*** Opening of Raw data ***

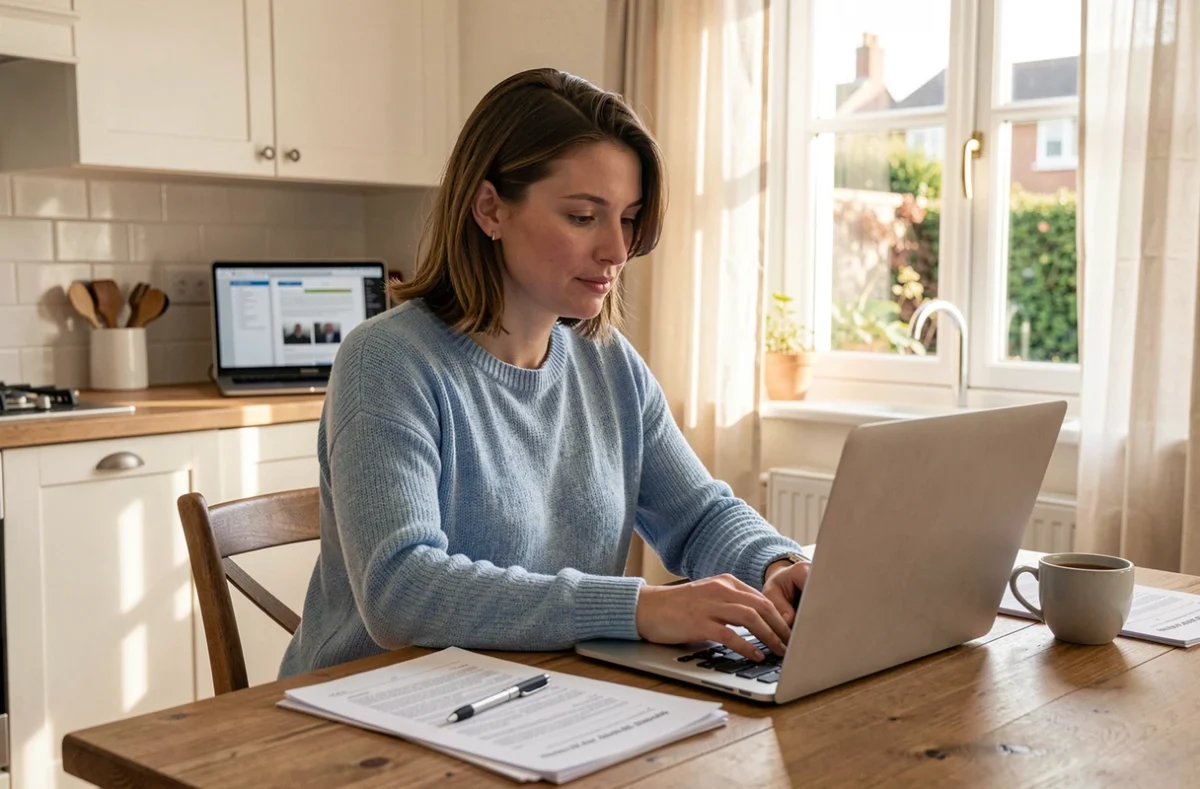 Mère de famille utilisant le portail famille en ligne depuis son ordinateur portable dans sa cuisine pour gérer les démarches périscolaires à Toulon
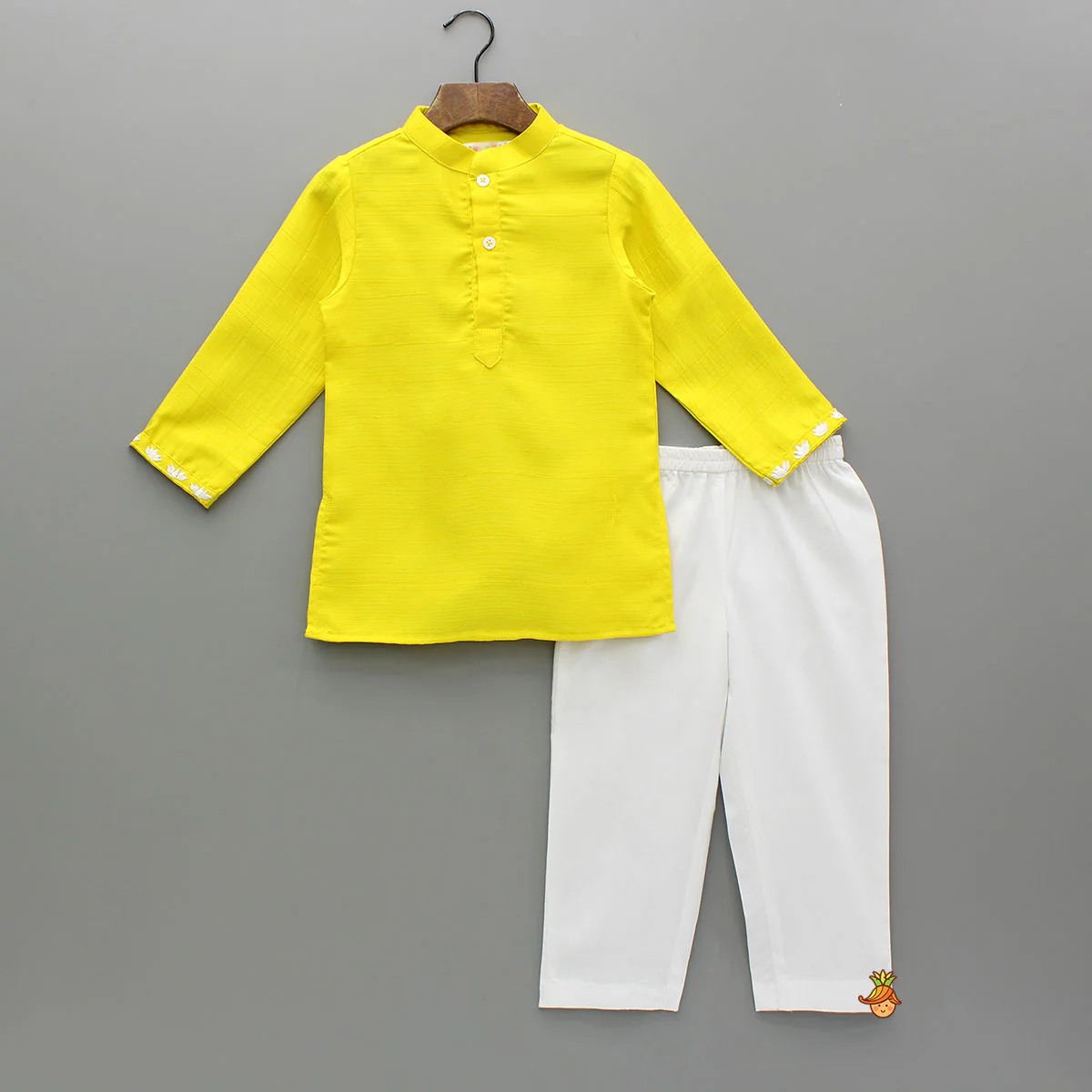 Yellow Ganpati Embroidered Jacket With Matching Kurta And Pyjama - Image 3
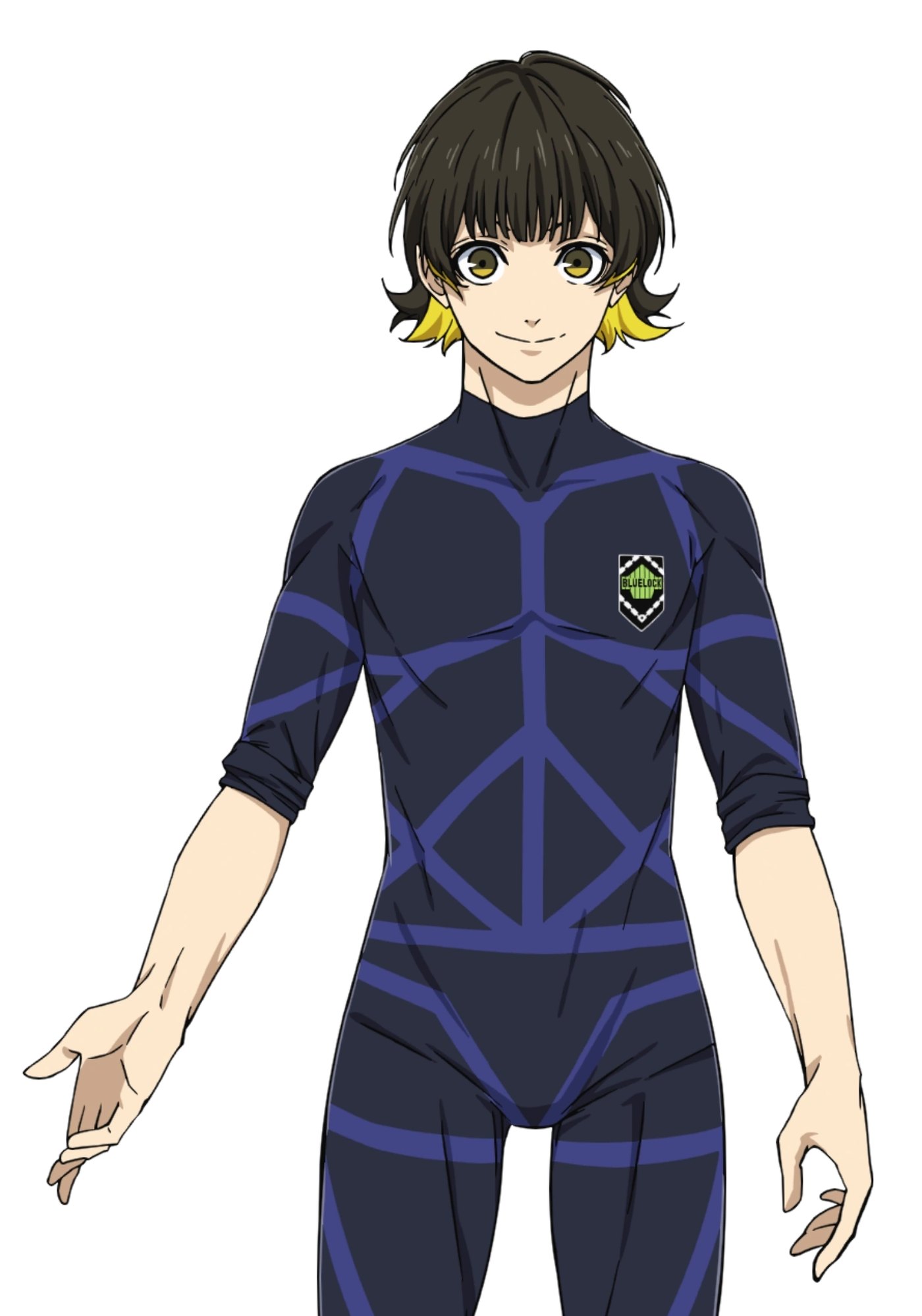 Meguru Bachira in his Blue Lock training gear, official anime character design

*** Close of Raw data ***
*** Opening of Raw data ***

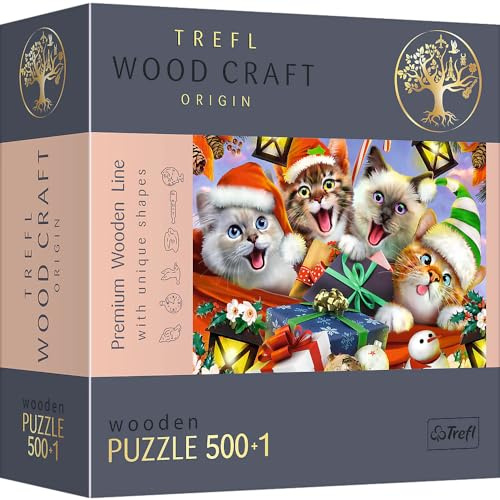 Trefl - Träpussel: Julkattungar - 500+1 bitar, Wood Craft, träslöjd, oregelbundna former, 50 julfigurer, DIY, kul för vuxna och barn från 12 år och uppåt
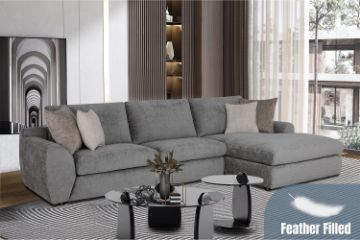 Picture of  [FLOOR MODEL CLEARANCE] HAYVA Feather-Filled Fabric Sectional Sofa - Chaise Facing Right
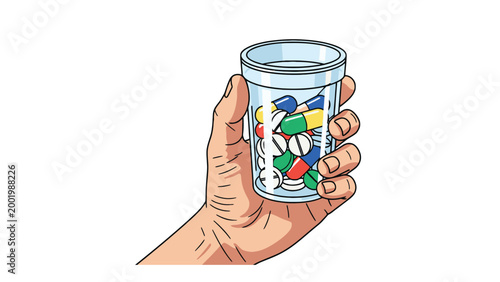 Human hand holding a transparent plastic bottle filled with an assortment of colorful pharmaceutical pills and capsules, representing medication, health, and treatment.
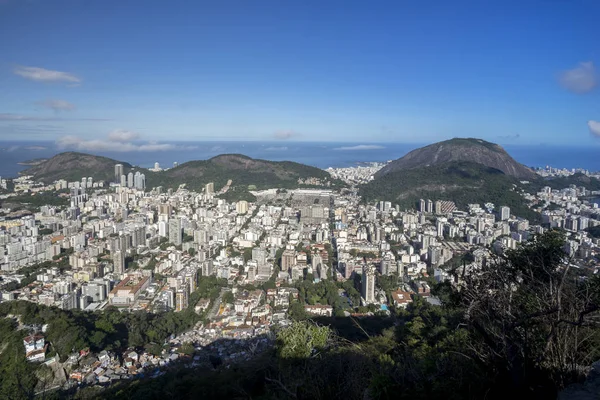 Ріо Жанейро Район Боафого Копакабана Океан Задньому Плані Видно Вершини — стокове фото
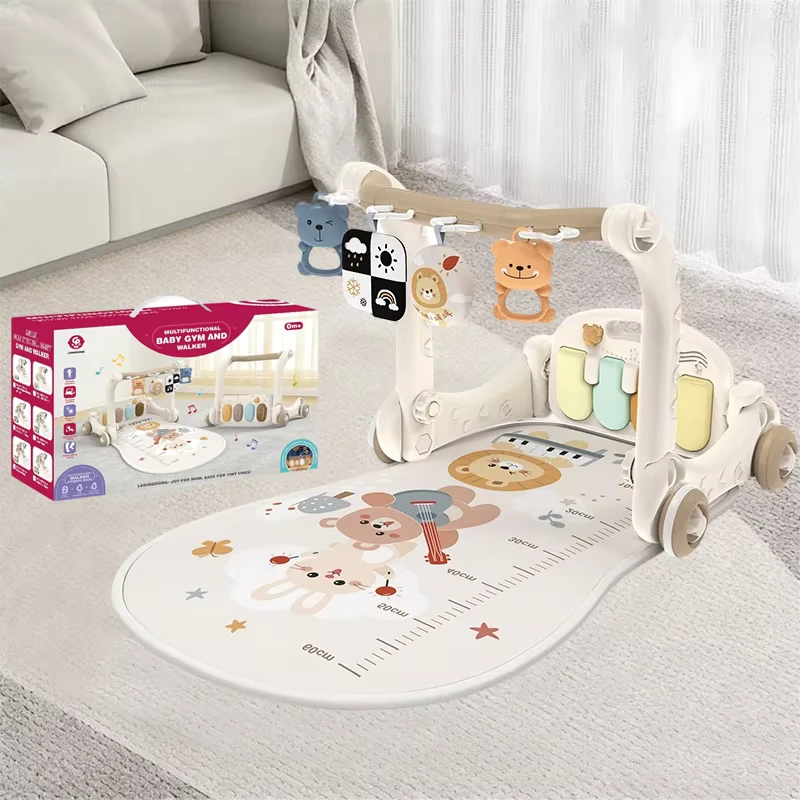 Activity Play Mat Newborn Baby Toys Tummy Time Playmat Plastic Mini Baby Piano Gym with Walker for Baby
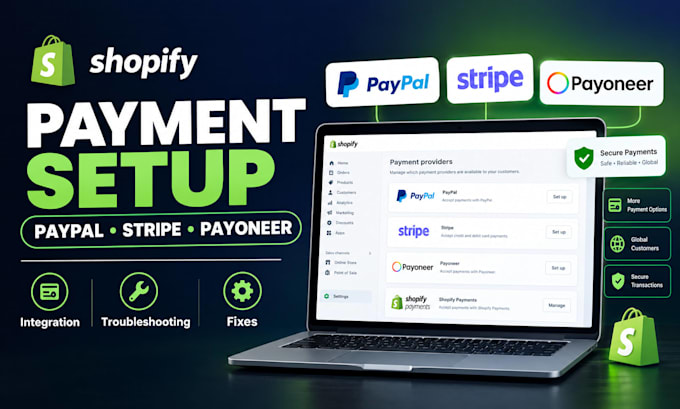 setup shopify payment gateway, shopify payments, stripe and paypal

*** Close of Raw data ***
*** Opening of Raw data ***

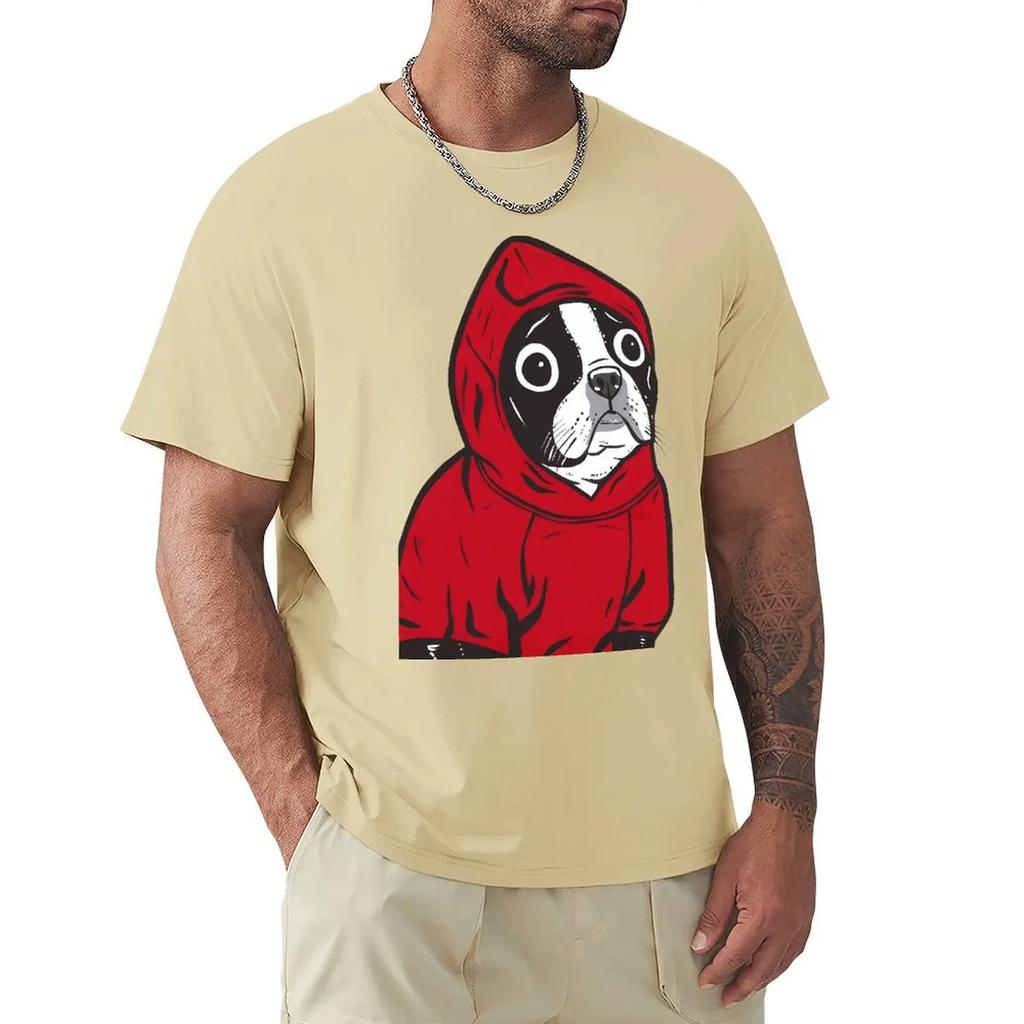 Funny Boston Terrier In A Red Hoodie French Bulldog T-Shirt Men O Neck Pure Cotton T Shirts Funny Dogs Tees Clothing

*** Close of Raw data ***

Text only, no pictures: please print exactly the lines above from the line with "Yellow Ganpati Embroidered" up to and including the line with "Meguru Bachira in", and nothing else.

 Yellow Ganpati Embroidered Jacket With Matching Kurta And Pyjama - Image 3
 Meguru Bachira in his Blue Lock training gear, official anime character design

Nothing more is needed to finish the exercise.